# [YOUR TASK]
Text in the records must be reproduced exactly, and pictures must be skipped.

# [MATERIAL SHOWN]
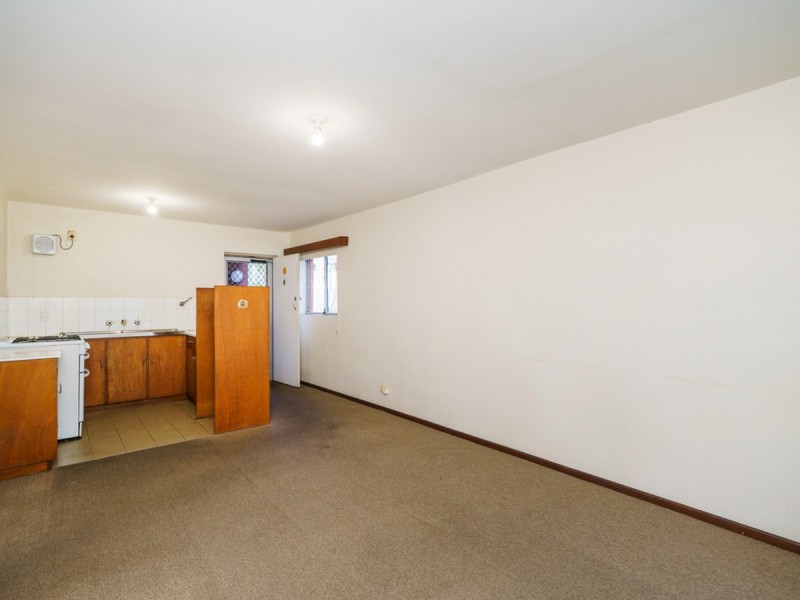 4/16 Cambridge Street, West Leederville WA 6007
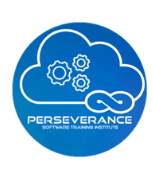 SSP Institute Logo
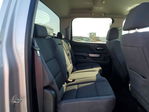 Chevrolet Silverado 2017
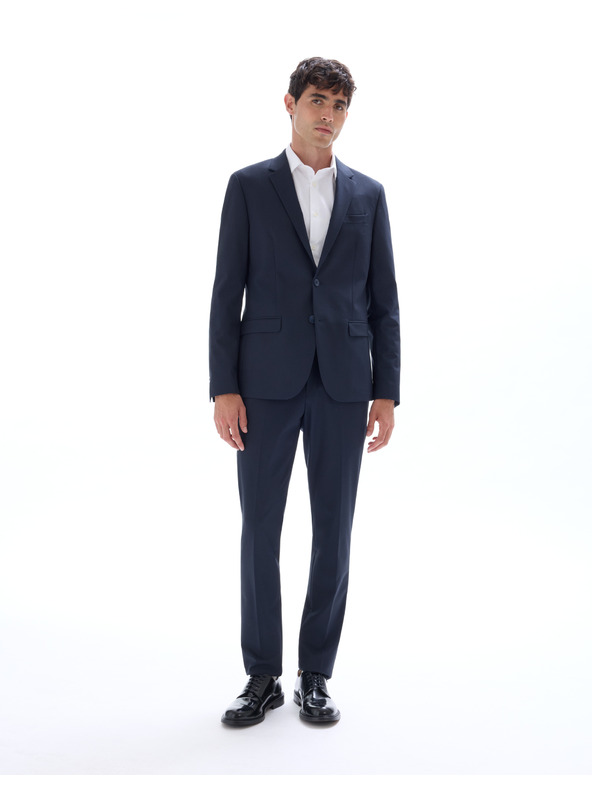 Celio Anzughose Moamaury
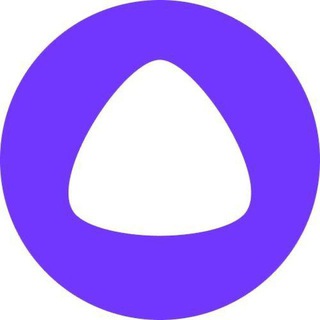 АЛИСА Х ОКОЛО ЯНДЕКС СТАНЦИИ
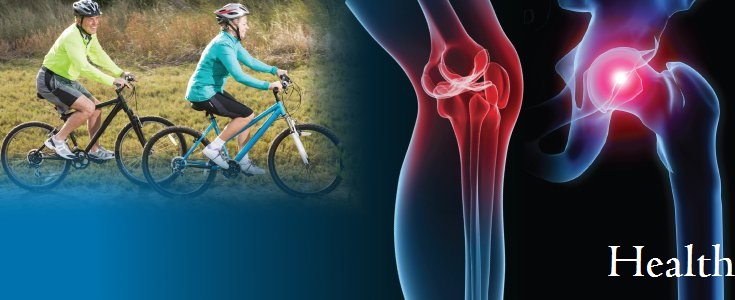 Want to write? You’re invited !!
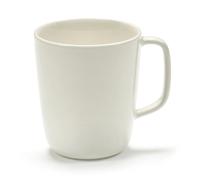 Serax Cena tea cup 37 cl Ivory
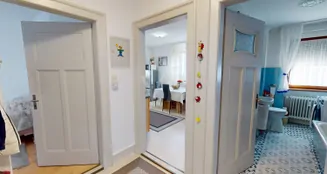 von_poll_real_estate_property_25191149_image_4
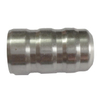 CNC Turning Parts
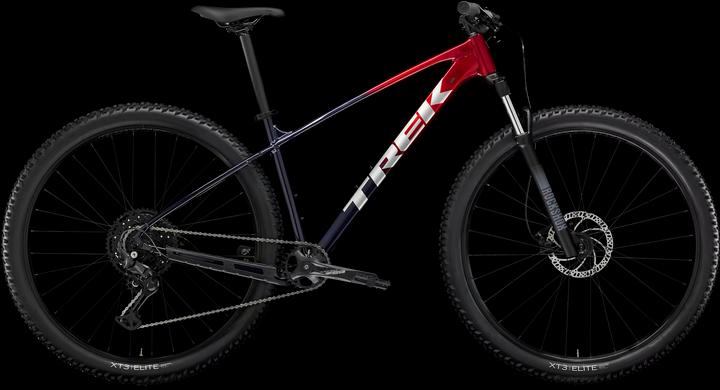 Produktbild Trek Marlin 6 (45 cm)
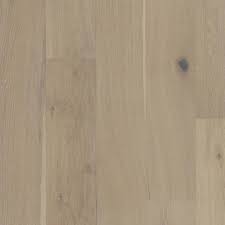 hardwood flooring finstad s carpet one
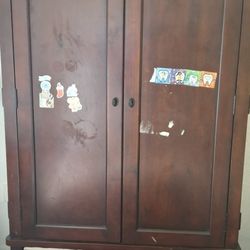 Waldorf  Furniture 
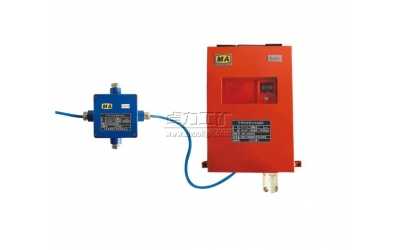 YHY10�V�ñ�����ˮ���O(ji��n)�y(c��)�x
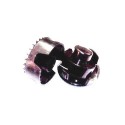 Head for Trimmer Black&Decker Series SG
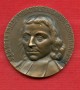 1937 - ITALIA - LOTTO/M23560 - MEDAGLIA  S.J.B.DELLA SALLE - FONDATORE SCUOLE CRISTIANE ROMA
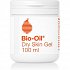 Bio Oil Gel για Ξηρό Δέρμα 100ml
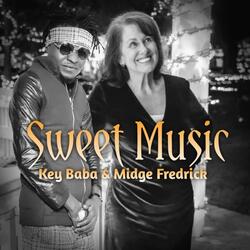 Sweet Music (feat. Key Baba)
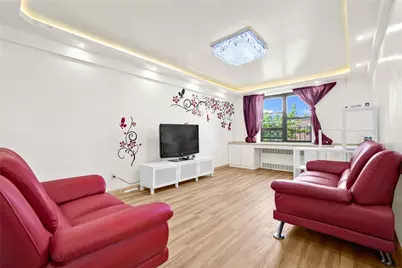 26-25 141 Street #6A, Flushing, NY 11354 - Photo 1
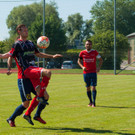 FC Schwarzach - FC Fussach _20_.JPG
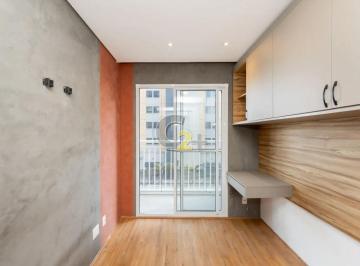 Apartamento · 29m² · 1 Quarto · Apartamento à venda na Casa verde com 1 quarto e sem vaga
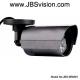 Day/Night Bullet Camera with 4~9mm Vari-Focal lens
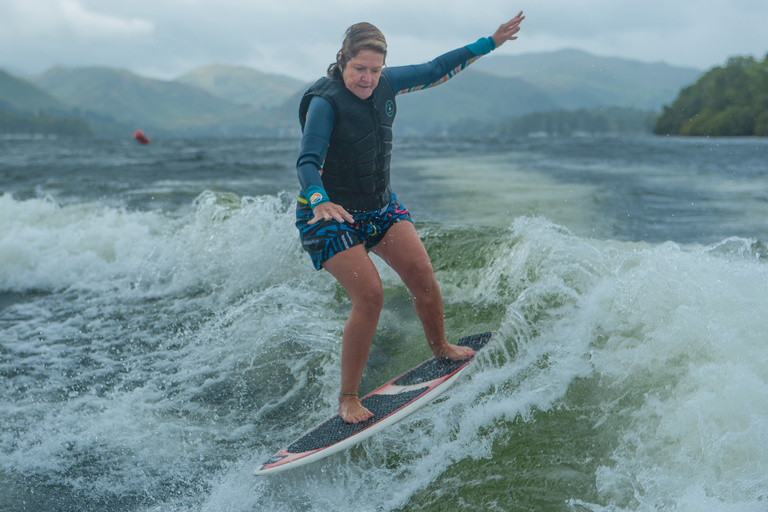 2026 Midlands Nautique UK Wakesurf Nationals  - 278 - Photos Mark Osmond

# [ANSWER TO THE EXERCISE]
 4/16 Cambridge Street, West Leederville WA 6007
 SSP Institute Logo
 Chevrolet Silverado 2017
 Celio Anzughose Moamaury
 АЛИСА Х ОКОЛО ЯНДЕКС СТАНЦИИ
 Want to write? You’re invited !!
 Serax Cena tea cup 37 cl Ivory
 von_poll_real_estate_property_25191149_image_4
 CNC Turning Parts
 Produktbild Trek Marlin 6 (45 cm)
 hardwood flooring finstad s carpet one
 Waldorf  Furniture 
 YHY10�V�ñ�����ˮ���O(ji��n)�y(c��)�x
 Head for Trimmer Black&Decker Series SG
 1937 - ITALIA - LOTTO/M23560 - MEDAGLIA  S.J.B.DELLA SALLE - FONDATORE SCUOLE CRISTIANE ROMA
 Bio Oil Gel για Ξηρό Δέρμα 100ml
 Sweet Music (feat. Key Baba)
 26-25 141 Street #6A, Flushing, NY 11354 - Photo 1
 FC Schwarzach - FC Fussach _20_.JPG
 Apartamento · 29m² · 1 Quarto · Apartamento à venda na Casa verde com 1 quarto e sem vaga
 Day/Night Bullet Camera with 4~9mm Vari-Focal lens
 2026 Midlands Nautique UK Wakesurf Nationals  - 278 - Photos Mark Osmond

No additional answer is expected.